Top of PROVIDED DATA

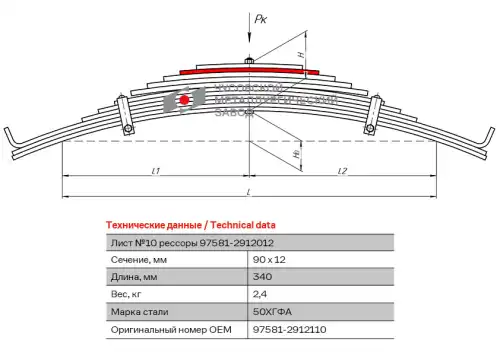 Лист №10 97581-2912110 ЧУСОВСКАЯ РЕССОРА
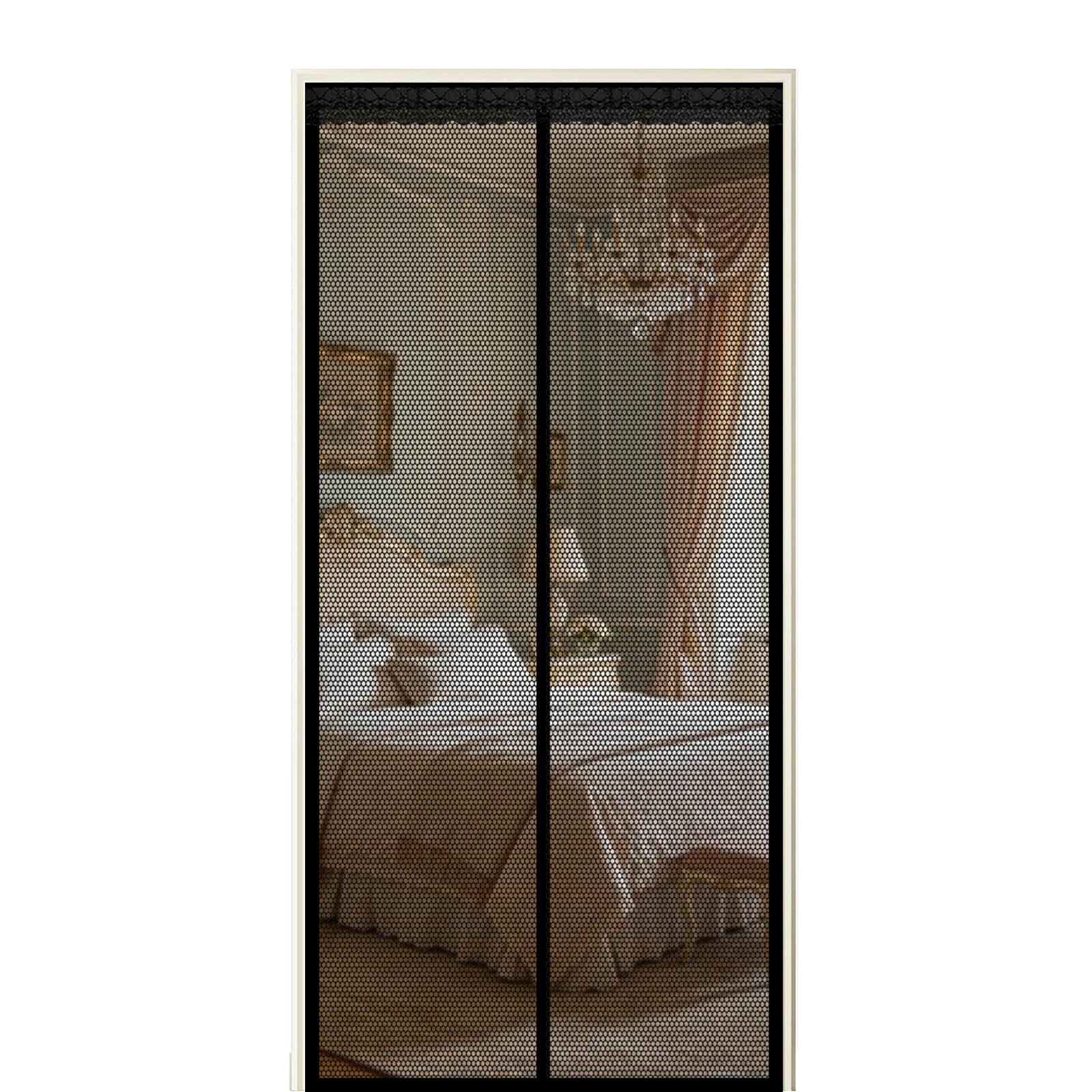 Fly Screen Door 140 x 195 cm Self Sealing Powerful Magnets Magnetic Fly Screen Doors with Powerful Magnets & Full Frame Magic Tape Suitable for Patio Doors Balcony Bedroom, Black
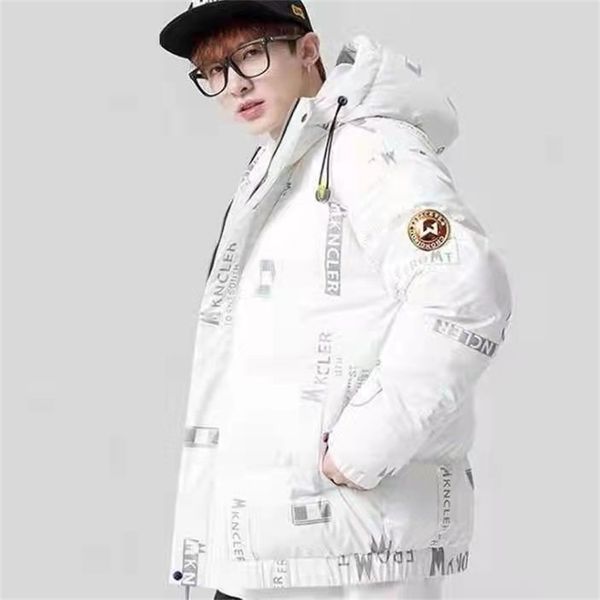 white duck down jacket men's winter trend warm bright face hooded leisure high-grade thickened wear, Black
white duck down jacket men's winter trend warm bright face hooded leisure high-grade thickened wear, Black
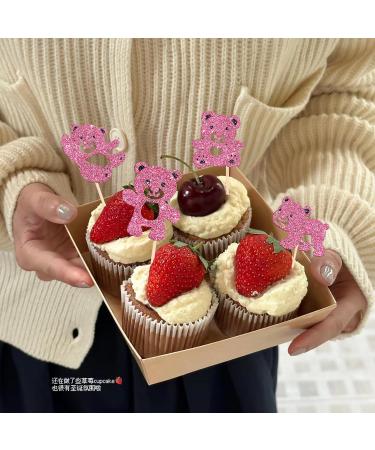 Rsstarxi 24 Pack Bear Cupcake Toppers Glitter Gender Reveal Themed Teddy Bear Cupcake Food Toothpicks Baby Shower Cake Decorations for Kids Birthday Party Decorations Supplies Pink Design 3 Pink - Buy Online on GoSupps.com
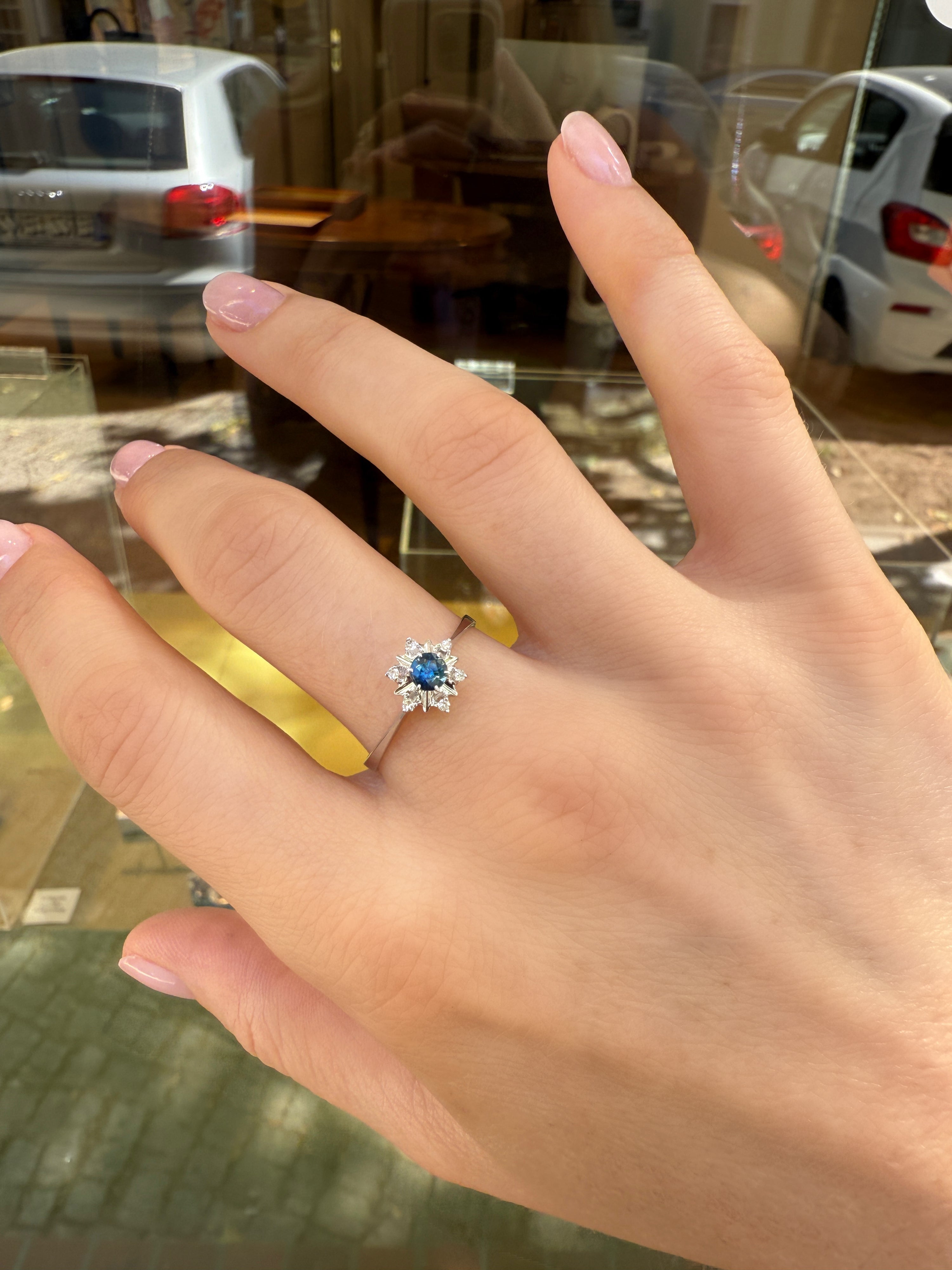 #1007 14k Ring Weißgold mit Saphir & Diamanten - RG 64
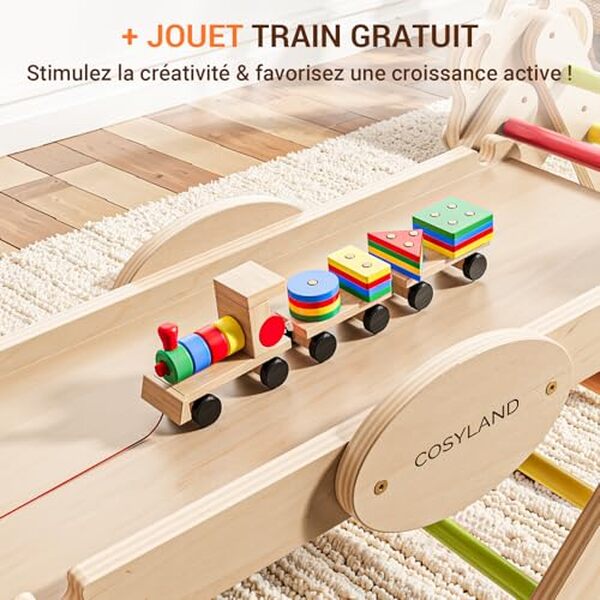 Découvrez l'équipement ludique idéal pour stimuler la créativité et la motricité des enfants grâce au triangle d'escalade cosyland 8-en-1.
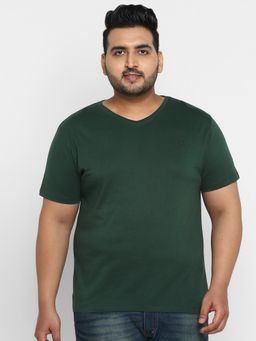 Urbano Plus - Men's Green Solid V-Neck Cotton Regular Fit T-Shirt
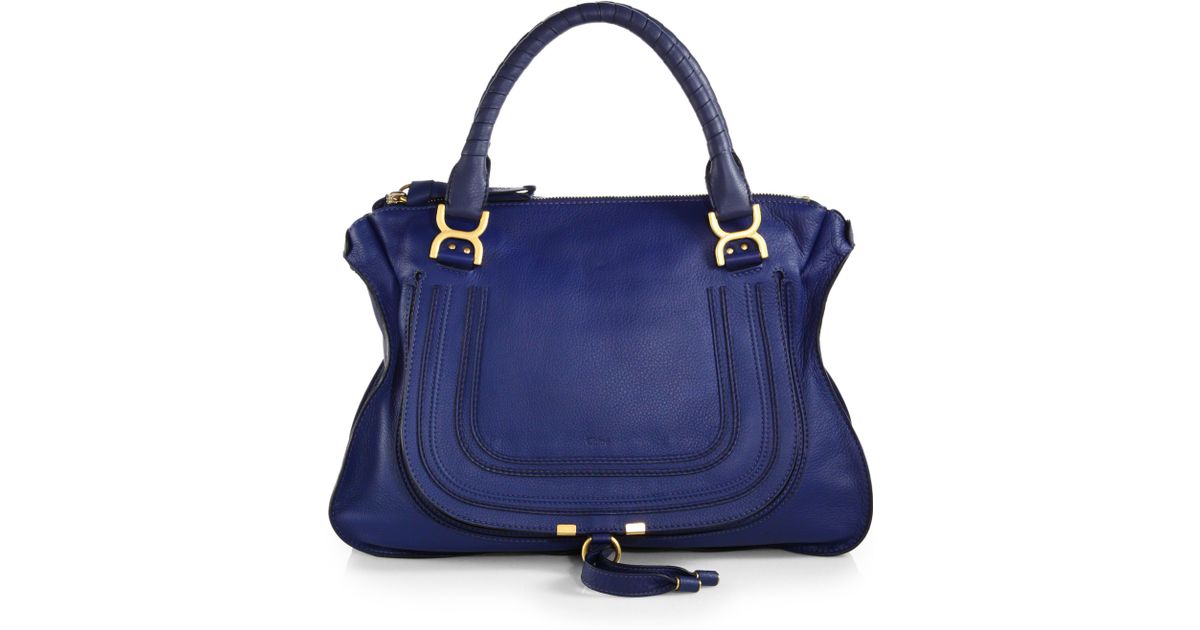 Chlo Marcie Large Leather Satchel in Blue (ROYAL NAVY) | Lyst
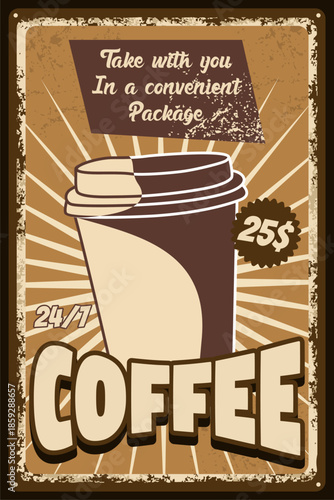 Coffee Drink Advertisement with Retro Grunge Design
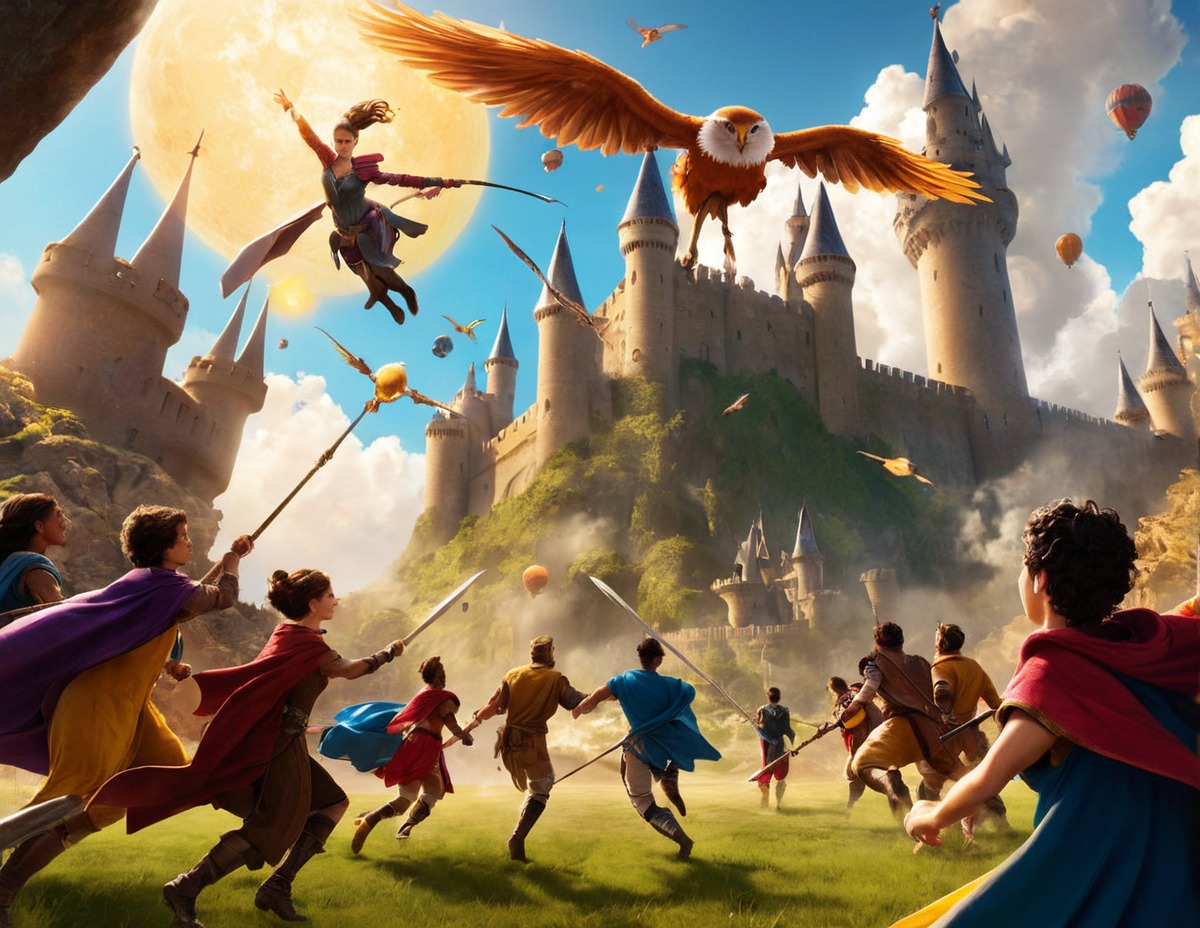 fanart, magic, harrypotter, dreamup, digitalart, conceptart, books, wallpaper, characterdesign, digitalpainting, flying, adventure, broomsticks, castle, fantasy, goldensnitch, hogwarts, quidditch, sports, wizardingworld, wizards, epicscene, art, ai_art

Bottom of PROVIDED DATA

ASSIGNED TASK: Of the records above, print only the lines from the one containing "Chlo Marcie Large" through the one containing "Coffee Drink Advertisement", inclusive and unaltered, leaving out pictures.

ANSWER BELOW:
 Chlo Marcie Large Leather Satchel in Blue (ROYAL NAVY) | Lyst
 Coffee Drink Advertisement with Retro Grunge Design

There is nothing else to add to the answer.